Karena sudah jelas dilihat dari geografis kawasan tersebut tidak layak untuk direklamasi
ditambah dengan uji kelayakan dari Universitas Udayana yang membuktikan tidak layak untuk
direklamasi. Itu tadi jawaban pribadi saya. Sekarang kita lihat dari sisi pemerintah andai proyek
ini ingin tetap terjadi namun tidak berbentur dengan pelanggaran HAM, langkah apa yang perlu
dilakukan pemerintah? Menurut saya, langakh awal ialah mempertemukan dari pihak pemerintah
dan masyarakat. Komunikasikan dengan baik dan secara intens berikan argumen – argumen yang
persuasif tentu

saja

dengan perlahan.

Lakukan komunikasi itu secara terus menerus.
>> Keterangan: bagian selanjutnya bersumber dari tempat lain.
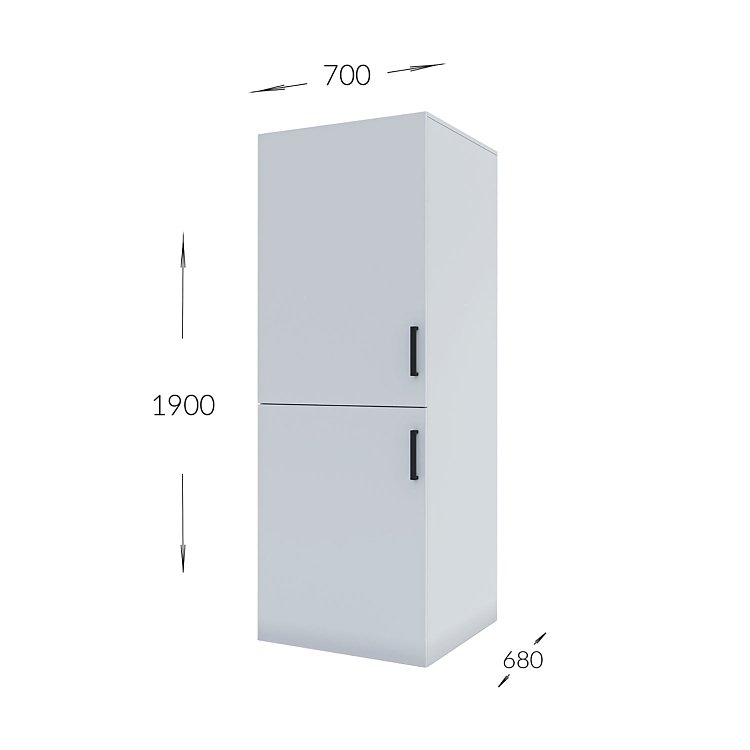Ντουλάπα Πλυντηρίου Laundry Λευκό 70x68x190cm GR-LAUNDRY-1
Koordinasikan dengan pemimpin adat sampaikan pesan bahwa revitalisasi ini baik demi
masyarakat setempat. Terakhir, yang terpenting ialah pemerintah memberikan jaminan hak
terhadap masyarakat Bali. Jaminan hidup apabila terjadi bencana alam yang datang. Tentunya
pemerintah sudah mempertimbangkan proyek ini dengan melihat segi AMDAL dan negatifnya.
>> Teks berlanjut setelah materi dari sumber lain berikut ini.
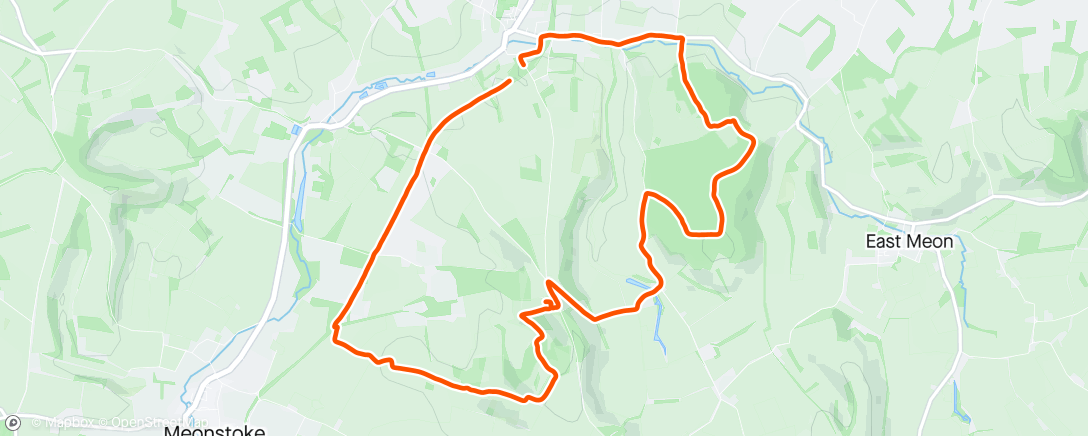 Mapa de la actividad (Blended Trail - Jog/Hike)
Dari sisi masyarakat, apabila pemerintah melakukan pendekatan dengan cara tadi saya yakin
masyarakat akan setuju dengan reklamasi Teluk Benoa. Karena menurut saya, hal yang
terpenting yang harus masyarakat inginkan ialah adanya jaminan. Entah itu jaminan sosial,
budaya, pendidikan, dll. Pokoknya yang berkaitan dengan efek reklamasi Teluk Benoa.
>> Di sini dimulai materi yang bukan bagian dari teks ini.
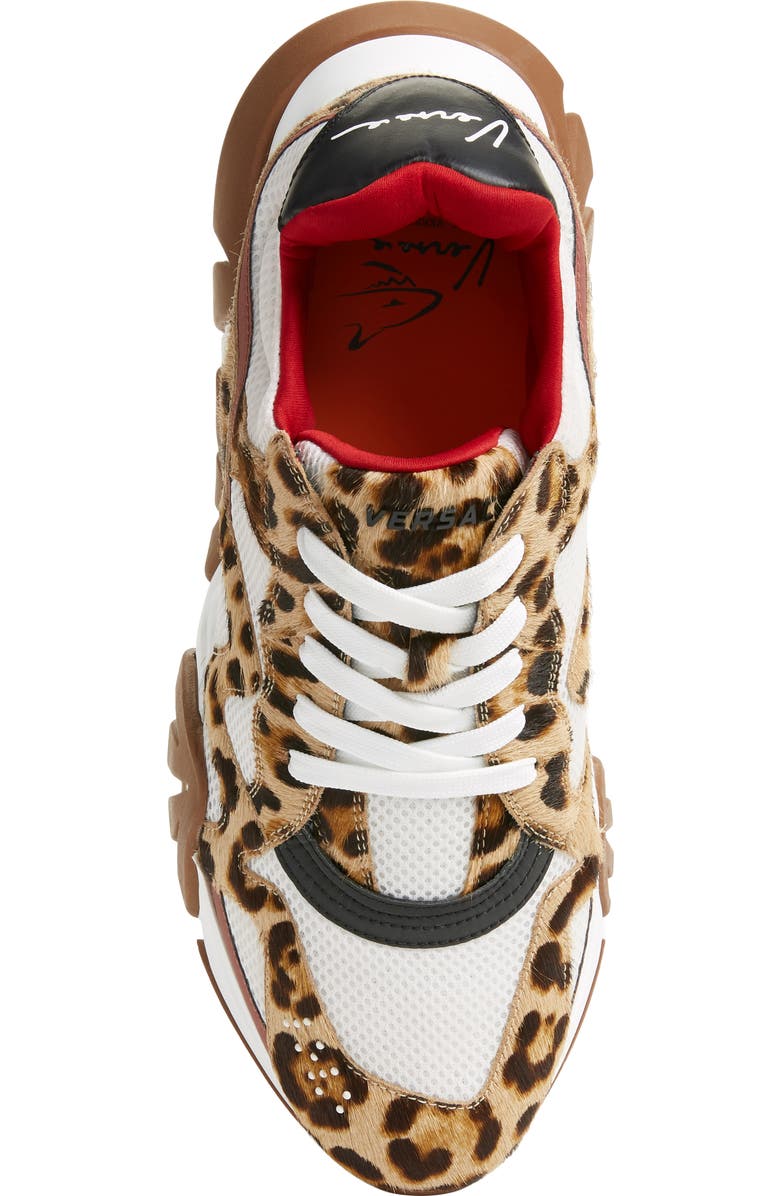 Versace Achilles Sneaker, Alternate, color,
Dengan adanya rencana reklamasi Tanjung Benoa maka akan menimbulkan pelanggaran ham
yang berkelanjutan. Mulai dari budaya dan lingkungan kemudian hak individual. Kegiatan
reklamasi menimbulkan banyak dampak positif maupun negatif terhadap kelestarian lingkungan,
pertumbuhan ekonomi dan budaya Bali. Banyak masyarakat yang pro ataupun kontra terhadap
kegiatan reklamasi ini. Tetapi jika reklamasi dilaksanakan mengikuti prinsip – prinsip reklamasi
dan dengan komunikasi dan koordinasi yang sinergi dari segenap lembaga masyarakat, tujuan
dari reklamasi yang untuk memajukan suatu wilayah dan tidak mengesampingkan kelestarian
lingkungan bisa tercapai, sehingga manfaat reklamasi akan dirasakan bagi masyarakat Bali, baik
itu di sektor ekonomi, pariwisata, budaya ataupun kelestarian lingkungan.